You are viewing a plain text version of this content. The canonical link for it is here.
Posted to user@cassandra.apache.org by Chris Burroughs <ch...@gmail.com> on 2011/04/06 22:00:55 UTC

CL.ONE reads / RR / badness_threshold interaction

My understanding for For CL.ONE.  For the node that receives the request:

(A) If RR is enabled and this node contains the needed row --> return
immediately and do RR to remaining replicas in background.
(B) If RR is off and this node contains the needed row --> return the
needed data immediately.
(C) If this node does not have the needed row --> regardless of RR ask
all replicas and return the first result.

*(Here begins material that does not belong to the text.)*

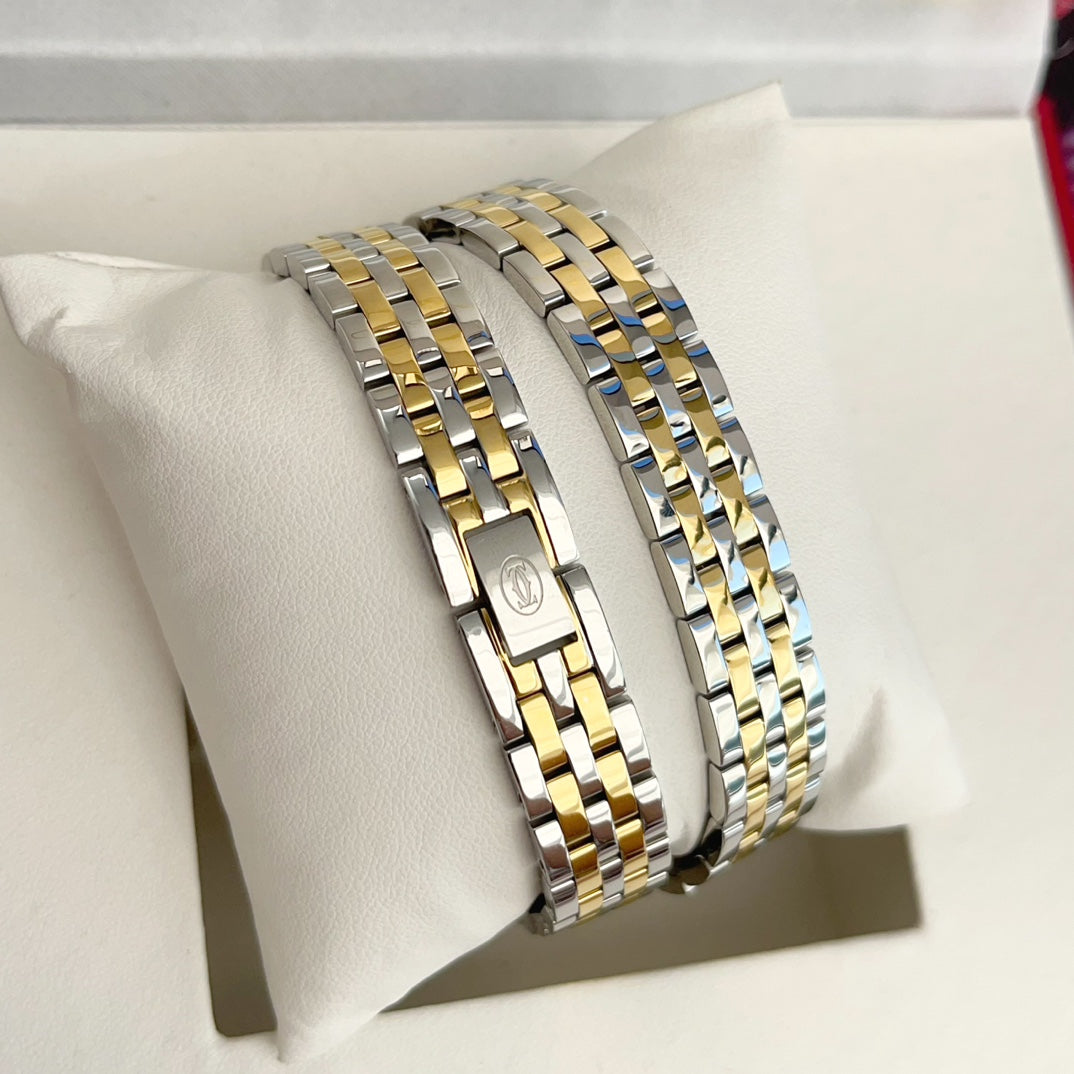 Panthere 22mm Gold Silver Diamond Bezel Double Chain 44cm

However case (C) as I have described it does not allow for any notion of
'pinning' as mentioned for dynamic_snitch_badness_threshold:

# if set greater than zero and read_repair_chance is < 1.0, this will allow
# 'pinning' of replicas to hosts in order to increase cache capacity.
# The badness threshold will control how much worse the pinned host has
to be
# before the dynamic snitch will prefer other replicas over it.  This is
# expressed as a double which represents a percentage.  Thus, a value of
# 0.2 means Cassandra would continue to prefer the static snitch values
# until the pinned host was 20% worse than the fastest.


The wiki states CL.ONE "Will return the record returned by the first
replica to respond" [1] implying that the request goes to multiple
replicas, but datastax's docs state that only one node will receive the
request ("Returns the response from *the* closest replica, as determined
by the snitch configured for the cluster" [2]).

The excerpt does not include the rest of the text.